Hugo de Brito Machado[39] destaca que o IGF ainda não foi instituído por questões de ordem meramente políticas, O referido autor propõe que a falta de regulamentação tem intrínseca relação ao favorecimento pessoal, e que os argumentos contrários a sua regulamentação se mostram inconsistentes por diversos motivos, vejamos:

“Há quem aponte dificuldades técnicas para a tributação das grandes fortunas. Seriam problemáticas a identificação e a avaliação dos bens. O argumento é inconsistente. Os bens que integram as grandes fortunas são os mesmos cuja transmissão de propriedade é tributada. Se a título oneroso, pelo Município. Se a título gratuito, ou em virtude de sucessão por causa da morte, pelo Estado. E ninguém sustentou a inviabilidade do imposto de transmissão causa mortis e doação, de que trata o art. 155, I, nem do imposto de transmissão inter vivos, de que trata o art. 156, II, da CF.

O verdadeiro motivo da não instituição do imposto sobre as grandes fortunas é de ordem política. Os titulares de grandes fortunas, se não estão investidos de poder, possuem inegável influência sobre os que exercem.”

O argumento do referido autor é extremamente consistente, pois apesar das aparentes dificuldades, quais sejam determinar o real papel da lei complementar, assim como definir o que seria uma grande fortuna, os benefícios que a instituição desse imposto para nosso ordenamento jurídico são inúmeros.

Em primeiro lugar, é fato constado que os ricos são menos tributados que os mais pobres. Logo, em virtude desse modelo de tributação extremamente desigual faz-se necessário que o IGF seja regulamentado afim de que sane tais disparidades, apenas o atual modelo de tributação progressiva de renda não é eficaz para angariar os recursos necessários, como principalmente não se mostra como um modelo de tributação justo, em virtude de que no caso do imposto de renda, por exemplo, sua alíquota máxima atual não ultrapassa os 27,5%. Logo, a regulamentação do IGF, dentre outros benefícios, seria um meio extremamente necessário para fazer valer a justiça fiscal através da oneração equitativa dos contribuintes. Amir Khair[40] indica os principais argumentos para justificar o seu apoio à criação do IGF:

Em vez de afugentar, deve atrair mais o capital ao permitir a desoneração do fluxo econômico, gerando maior consumo, produção e lucros. Não teria nenhum conflito com os impostos existentes, pois sua base tributária é o valor total dos bens. Quanto às dificuldades de avaliação dos títulos mobiliários, o registro eletrônico das transações e as posições fornecidas pelos bancos podem resolver o problema. […] A regulamentação do IGF irá diminuir a forte regressividade do sistema tributário, descentralizar mais recursos para Estados e Municípios, desonerar a folha de pagamento das empresas, contribuindo para reduzir a  informalidade e com isso gerar empregos e desenvolvimento.
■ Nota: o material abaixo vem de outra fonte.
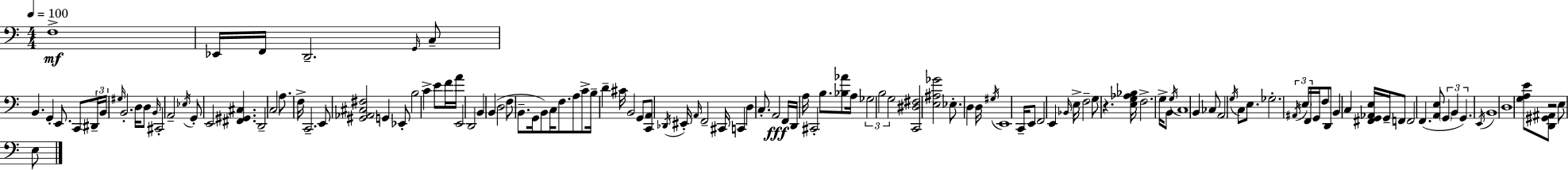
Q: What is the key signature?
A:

Importante ressaltar que, o argumento que estabelece que a inserção do IGF configuraria dupla tributação sobre a renda, estaria excluído, pois tal imposto visa tributar grandes fortunas, algo extraordinário e incomum, que em nada se equivale com a renda que é fato comum, ordinário, o caráter do IGF é de ser um imposto complementar. Corroborando para esse entendimento o Sindfisco[41] Nacional após um série de estudos realizados emitiu relatório no ano de 2010 e assim opinou sobre o tema:

(...) A análise das propostas legislativas sobre o imposto mostrou que este problema é facilmente evitado excetuando-se do valor a pagar do IGF o valor efetivamente pago de tributos como o ITR, ITBI, ITCMD, IPTU e IPVA, incidentes sobre bens constantes na declaração de rendimentos.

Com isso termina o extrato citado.